The practical difficulties created by the plurality's interpretation of § 881 are immense, and we should not assume Congress intended such results when it enacted § 881(a)(6). To start, the plurality's interpretation of § 881(a)(6) conflicts with the principal purpose we have identified for forfeiture under the Continuing Criminal Enterprise Act, which is "the desire to lessen the economic power of . . . drug enterprises." Caplin & Drysdale v. United States,491 U.S. 617, 630 (1989). When a criminal transfers drug transaction proceeds to a good faith purchaser for value, one would presume he does so because he considers what he receives from the purchaser to be of equal or greater value than what he gives to the purchaser, or because he is attempting to launder the proceeds by exchanging them for other property of near equal value. In either case, the criminal's economic power is diminished by seizing from him whatever he received in the exchange with the good faith purchaser. On the other hand, when a criminal transfers drug transaction proceeds to another without receiving value in return, he does so, it is safe to assume, either to use his new found, albeit illegal, wealth to benefit an associate or to shelter the proceeds from forfeiture, to be reacquired once he is clear from law enforcement authorities. In these cases, the criminal's economic power cannot be diminished by seizing what he received in the donative exchange, for he received no tangible value. If the Government is to drain the criminal's economic power, it must be able to pierce donative transfers and recapture the property given in the exchange.
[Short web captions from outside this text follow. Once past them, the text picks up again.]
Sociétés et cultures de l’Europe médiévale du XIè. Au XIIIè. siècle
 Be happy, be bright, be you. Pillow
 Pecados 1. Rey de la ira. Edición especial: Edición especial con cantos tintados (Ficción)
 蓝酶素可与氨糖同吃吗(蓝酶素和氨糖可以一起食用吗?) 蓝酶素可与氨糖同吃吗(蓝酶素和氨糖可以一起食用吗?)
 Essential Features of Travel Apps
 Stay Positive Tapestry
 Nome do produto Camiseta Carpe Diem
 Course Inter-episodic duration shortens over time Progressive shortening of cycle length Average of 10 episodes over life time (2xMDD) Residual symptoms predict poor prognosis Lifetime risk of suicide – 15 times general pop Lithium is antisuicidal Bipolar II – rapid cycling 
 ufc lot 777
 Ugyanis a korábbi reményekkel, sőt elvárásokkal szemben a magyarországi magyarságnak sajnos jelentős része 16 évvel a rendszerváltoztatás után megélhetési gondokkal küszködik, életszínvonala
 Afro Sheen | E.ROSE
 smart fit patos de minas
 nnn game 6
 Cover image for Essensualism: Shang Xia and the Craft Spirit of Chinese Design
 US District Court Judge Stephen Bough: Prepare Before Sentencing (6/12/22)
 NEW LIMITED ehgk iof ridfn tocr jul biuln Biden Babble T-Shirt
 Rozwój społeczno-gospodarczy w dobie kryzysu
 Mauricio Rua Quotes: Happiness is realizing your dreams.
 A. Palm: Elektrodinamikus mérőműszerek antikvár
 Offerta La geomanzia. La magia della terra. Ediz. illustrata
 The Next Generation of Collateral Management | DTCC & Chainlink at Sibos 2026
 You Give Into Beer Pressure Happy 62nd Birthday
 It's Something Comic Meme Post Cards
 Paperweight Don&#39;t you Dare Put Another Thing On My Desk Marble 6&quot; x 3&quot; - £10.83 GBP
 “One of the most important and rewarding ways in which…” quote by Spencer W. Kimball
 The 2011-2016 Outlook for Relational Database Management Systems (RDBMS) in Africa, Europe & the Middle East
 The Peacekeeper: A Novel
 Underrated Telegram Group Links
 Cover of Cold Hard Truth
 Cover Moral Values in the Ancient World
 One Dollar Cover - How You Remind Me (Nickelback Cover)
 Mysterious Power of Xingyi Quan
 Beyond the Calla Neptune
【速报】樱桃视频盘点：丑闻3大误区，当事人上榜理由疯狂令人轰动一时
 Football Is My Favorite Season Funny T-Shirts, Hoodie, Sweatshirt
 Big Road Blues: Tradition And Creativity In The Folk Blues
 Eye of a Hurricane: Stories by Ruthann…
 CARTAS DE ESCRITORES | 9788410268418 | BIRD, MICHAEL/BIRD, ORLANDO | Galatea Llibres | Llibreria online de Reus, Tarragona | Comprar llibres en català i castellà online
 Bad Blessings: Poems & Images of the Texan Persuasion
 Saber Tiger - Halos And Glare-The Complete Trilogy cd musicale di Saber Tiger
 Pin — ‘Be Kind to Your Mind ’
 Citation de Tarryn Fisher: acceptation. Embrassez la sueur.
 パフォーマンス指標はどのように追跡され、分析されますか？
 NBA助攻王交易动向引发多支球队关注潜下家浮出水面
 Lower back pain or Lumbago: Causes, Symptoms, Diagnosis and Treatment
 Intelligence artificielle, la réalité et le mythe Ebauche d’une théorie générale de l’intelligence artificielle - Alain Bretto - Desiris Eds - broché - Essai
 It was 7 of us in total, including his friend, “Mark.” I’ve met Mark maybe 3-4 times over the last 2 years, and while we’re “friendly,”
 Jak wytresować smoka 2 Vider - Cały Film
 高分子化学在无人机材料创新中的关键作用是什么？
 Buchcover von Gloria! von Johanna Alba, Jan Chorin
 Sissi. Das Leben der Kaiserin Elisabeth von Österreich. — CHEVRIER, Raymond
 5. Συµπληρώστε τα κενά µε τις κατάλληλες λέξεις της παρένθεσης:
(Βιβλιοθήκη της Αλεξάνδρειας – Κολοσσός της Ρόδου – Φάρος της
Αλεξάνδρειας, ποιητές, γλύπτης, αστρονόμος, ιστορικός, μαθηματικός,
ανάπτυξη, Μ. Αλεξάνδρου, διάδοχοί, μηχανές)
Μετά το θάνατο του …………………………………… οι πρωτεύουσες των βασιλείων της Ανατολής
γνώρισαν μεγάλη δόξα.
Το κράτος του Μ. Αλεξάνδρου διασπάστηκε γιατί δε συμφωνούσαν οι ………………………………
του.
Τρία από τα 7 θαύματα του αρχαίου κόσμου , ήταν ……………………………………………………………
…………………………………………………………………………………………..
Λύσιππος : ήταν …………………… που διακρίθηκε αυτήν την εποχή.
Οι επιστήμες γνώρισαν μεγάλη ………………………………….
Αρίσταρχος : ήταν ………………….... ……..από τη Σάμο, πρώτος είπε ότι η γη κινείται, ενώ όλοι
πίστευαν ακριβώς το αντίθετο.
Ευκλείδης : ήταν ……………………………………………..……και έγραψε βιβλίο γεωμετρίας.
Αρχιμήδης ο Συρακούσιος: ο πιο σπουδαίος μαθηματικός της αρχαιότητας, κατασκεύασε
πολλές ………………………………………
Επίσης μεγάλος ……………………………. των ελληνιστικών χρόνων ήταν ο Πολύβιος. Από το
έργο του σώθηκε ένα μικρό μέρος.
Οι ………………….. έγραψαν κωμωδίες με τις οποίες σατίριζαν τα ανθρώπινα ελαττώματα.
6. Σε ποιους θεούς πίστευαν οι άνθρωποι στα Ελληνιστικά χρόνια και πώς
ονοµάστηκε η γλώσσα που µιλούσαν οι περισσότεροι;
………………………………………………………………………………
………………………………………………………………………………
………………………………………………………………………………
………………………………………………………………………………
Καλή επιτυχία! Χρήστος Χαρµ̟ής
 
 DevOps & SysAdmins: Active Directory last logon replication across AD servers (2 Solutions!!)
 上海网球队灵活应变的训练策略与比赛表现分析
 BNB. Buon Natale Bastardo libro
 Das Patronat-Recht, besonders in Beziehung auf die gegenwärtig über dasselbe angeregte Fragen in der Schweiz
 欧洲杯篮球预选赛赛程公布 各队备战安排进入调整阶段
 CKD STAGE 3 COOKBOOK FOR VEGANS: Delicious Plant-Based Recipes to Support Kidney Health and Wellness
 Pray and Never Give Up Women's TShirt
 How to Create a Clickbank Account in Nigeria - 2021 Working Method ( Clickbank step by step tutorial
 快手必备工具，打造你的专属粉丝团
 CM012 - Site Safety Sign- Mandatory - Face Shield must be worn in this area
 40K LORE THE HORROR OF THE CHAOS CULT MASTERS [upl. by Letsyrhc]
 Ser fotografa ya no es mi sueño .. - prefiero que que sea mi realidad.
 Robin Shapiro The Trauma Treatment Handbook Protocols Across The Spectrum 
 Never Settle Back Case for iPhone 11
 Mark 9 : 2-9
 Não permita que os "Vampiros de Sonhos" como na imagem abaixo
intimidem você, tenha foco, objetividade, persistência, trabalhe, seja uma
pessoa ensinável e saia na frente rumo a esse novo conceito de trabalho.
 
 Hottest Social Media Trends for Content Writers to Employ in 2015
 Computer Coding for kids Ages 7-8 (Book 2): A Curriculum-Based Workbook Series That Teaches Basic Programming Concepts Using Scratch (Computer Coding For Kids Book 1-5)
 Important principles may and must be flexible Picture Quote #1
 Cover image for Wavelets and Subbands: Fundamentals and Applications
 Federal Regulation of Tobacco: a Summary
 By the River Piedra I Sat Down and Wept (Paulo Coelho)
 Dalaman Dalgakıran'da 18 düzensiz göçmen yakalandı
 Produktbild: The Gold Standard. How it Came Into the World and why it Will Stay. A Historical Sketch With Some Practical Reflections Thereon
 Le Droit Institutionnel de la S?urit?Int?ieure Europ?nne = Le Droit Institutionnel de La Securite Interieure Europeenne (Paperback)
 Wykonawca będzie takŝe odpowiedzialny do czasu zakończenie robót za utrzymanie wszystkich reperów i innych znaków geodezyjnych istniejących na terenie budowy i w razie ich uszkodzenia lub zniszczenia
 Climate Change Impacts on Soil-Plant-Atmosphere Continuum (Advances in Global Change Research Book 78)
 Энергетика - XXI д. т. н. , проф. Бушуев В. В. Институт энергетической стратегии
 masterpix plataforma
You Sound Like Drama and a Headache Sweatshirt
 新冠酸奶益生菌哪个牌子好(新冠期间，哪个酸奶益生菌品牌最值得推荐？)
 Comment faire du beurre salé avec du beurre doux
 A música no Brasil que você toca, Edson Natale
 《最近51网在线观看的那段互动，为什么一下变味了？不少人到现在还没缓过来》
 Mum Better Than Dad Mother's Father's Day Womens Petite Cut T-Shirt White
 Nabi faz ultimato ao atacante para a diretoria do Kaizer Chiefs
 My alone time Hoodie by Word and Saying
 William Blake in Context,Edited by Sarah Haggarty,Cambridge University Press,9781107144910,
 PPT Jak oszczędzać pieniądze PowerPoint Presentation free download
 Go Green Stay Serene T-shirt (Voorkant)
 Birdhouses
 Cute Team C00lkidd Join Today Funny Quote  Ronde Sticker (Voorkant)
It is serious and surprising that the plurality today denies the Government the right to pursue the same ownership claims that under traditional and well settled principles any other claimant or trust beneficiary or rightful owner could assert against a possessor who took for no value and who has no title or interest greater than that of the transferor.
Another oddity now given to us by the plurality's interpretation is that a gratuitous transferee must forfeit the proceeds of a drug deal if she knew of the drug deal before she received the proceeds but not if she discovered it a moment after. Yet in the latter instance, the donee, having given no value, is in no different position from the donee who had knowledge all along, save perhaps that she might have had a brief expectation the gift was clean. By contrast, the good faith purchaser for value who, after anexchange of assets, finds out about his trading partner's illegal conduct has undergone a significant change in circumstances: He has paid fair value for those proceeds in a transaction which, as a practical matter in most cases, he cannot reverse.
The statutory puzzle the plurality and concurrence find so engaging is created because of a false premise, the premise that the possessor of an asset subject to forfeiture does not stand in the position of the transferor but must be charged with some guilty knowledge of her own. Forfeiture proceedings, though, are directed at an asset, and a donee in general has no more than the ownership rights of the donor. By denying this simple principle, the plurality rips out the most effective enforcement provisions in all of the drug forfeiture laws. I would reverse the judgment of the Court of Appeals, and with all due respect, I dissent from the judgment of the Court.